Era la voce di Emil, quella che cantava nel file MP3, non poteva non riconoscerla. Era lui l’autore sconosciuto dei messaggi, il Calaf che le aveva inviato le e-mail.
Emil era scomparso all’improvviso e di lui aveva perso le tracce. A suo tempo aveva saputo che aveva avuto problemi con la droga e con l’alcool e aveva abbandonato la lirica, ritornando a Parigi.
E ora, Emil era tornato.
Chissà com’è ora, pensò Miranda. Provò a immaginarselo, ma per quanti sforzi facesse, era un’immagine che non veniva a fuoco. Rimaneva indistinta. Come indefinita era la sua emozione.
Si avvicinò al computer e riaprì il file audio.
Riascoltò il brano.
E per una strana coincidenza mentre ascoltava il famoso brano de La Turandot, gli occhi si posero sulla rosa di Giacomo. Gli occhi le si velarono nuovamente e questa volta non provò a trattenersi.

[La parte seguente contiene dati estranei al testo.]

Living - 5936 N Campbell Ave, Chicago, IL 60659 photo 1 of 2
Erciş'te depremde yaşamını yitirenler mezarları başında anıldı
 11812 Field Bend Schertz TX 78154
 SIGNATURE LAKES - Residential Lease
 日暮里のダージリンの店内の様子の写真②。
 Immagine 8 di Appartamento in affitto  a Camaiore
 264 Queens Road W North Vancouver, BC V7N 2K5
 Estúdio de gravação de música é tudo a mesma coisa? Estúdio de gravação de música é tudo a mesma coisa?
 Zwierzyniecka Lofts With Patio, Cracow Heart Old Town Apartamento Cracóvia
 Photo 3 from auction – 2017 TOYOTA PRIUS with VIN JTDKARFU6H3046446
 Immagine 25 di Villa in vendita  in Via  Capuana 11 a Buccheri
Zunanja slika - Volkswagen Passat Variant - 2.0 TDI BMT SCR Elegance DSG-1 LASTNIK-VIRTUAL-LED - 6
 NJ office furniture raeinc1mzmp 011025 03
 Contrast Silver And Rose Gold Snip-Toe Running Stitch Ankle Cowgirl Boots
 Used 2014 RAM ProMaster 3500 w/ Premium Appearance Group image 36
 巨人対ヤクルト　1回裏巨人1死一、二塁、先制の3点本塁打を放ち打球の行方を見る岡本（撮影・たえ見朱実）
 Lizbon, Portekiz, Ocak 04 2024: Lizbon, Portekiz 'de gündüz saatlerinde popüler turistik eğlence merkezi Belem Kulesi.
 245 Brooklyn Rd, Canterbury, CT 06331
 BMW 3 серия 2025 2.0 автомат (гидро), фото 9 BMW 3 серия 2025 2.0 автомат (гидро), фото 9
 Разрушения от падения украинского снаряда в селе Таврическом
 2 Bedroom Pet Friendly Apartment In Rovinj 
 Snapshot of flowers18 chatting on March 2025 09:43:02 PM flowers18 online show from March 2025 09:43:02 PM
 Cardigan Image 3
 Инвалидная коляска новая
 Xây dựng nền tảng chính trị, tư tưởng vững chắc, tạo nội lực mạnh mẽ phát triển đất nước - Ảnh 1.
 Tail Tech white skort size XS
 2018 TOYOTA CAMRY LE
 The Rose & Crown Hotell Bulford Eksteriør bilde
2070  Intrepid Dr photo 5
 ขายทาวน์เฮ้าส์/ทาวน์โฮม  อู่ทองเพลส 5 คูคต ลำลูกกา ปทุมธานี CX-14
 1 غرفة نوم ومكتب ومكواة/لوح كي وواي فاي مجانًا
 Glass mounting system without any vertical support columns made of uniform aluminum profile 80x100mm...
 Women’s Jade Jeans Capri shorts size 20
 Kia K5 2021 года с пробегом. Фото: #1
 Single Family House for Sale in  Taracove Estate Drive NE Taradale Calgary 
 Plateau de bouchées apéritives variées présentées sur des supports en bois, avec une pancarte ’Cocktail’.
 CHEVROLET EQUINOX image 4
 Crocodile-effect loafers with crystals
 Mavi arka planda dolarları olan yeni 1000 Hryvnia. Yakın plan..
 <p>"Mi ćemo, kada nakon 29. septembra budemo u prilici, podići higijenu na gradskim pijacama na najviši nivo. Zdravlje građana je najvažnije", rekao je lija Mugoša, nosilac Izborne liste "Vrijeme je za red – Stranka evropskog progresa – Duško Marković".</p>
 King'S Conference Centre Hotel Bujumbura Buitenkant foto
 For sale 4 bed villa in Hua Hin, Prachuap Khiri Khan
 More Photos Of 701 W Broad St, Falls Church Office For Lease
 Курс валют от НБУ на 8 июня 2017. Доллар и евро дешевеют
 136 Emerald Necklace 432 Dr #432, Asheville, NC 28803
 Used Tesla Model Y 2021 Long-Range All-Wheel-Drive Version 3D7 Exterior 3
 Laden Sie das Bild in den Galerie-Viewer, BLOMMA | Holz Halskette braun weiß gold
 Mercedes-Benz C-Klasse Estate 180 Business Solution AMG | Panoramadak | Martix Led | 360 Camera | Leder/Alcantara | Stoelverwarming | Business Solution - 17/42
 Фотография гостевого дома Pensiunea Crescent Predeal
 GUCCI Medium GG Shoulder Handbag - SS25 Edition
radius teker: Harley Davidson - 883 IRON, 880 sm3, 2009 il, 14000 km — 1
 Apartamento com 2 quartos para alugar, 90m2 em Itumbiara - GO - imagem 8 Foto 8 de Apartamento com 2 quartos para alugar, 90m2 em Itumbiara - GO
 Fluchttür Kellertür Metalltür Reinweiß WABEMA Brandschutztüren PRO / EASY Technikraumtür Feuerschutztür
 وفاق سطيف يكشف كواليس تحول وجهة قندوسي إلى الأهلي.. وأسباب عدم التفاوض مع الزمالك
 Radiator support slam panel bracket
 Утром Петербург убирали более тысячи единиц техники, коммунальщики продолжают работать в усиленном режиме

Il pianto arrivò silenzioso e sempre in silenzio se ne andò, lasciandole le guance rigate da grosse lacrime.
Solo allora si accorse della risposta che stava scrivendo sul computer. Era composto da una sola parola, ma che per Miranda significava molto.
Chiuse gli occhi.
«Che notte ho passato», disse a voce alta.
Stranamente non si sentiva stanca. Anzi sentiva dentro di sé un’energia inspiegabile.
Guardò l’orologio.
Alzò il ricevitore del telefono e compose un numero che la sua memoria di istinto le fece balenare nella mente.
«Ciao.»
Dall’altra parte del filo Giacomo non ebbe bisogno di altre parole per capire.
«Buon giorno Miranda. È bello sentirti di prima mattina.»
«Dormivi?»
«Da quando sono solo, dormo pochissimo.»
«Giacomo, vienimi a prendere. Non voglio più dormire da sola.»
«Ti avverto che io russo un pochino.»
«E io che ho i piedi sempre freddi.»
«Uno pari. Come inizio non è male. Arrivo come un lampo, amore mio.»
Miranda riattaccò il telefono.
Si avvicinò al computer e si accorse che il messaggio di risposta era aperto e non l’aveva ancora spedito.
Con un sorriso malizioso cliccò su Invia e spedì il messaggio a Emil composto di una sola parola.
Fottiti!
Spegnendo il computer ebbe la certezza che il gallo non avrebbe più cantato in piena notte.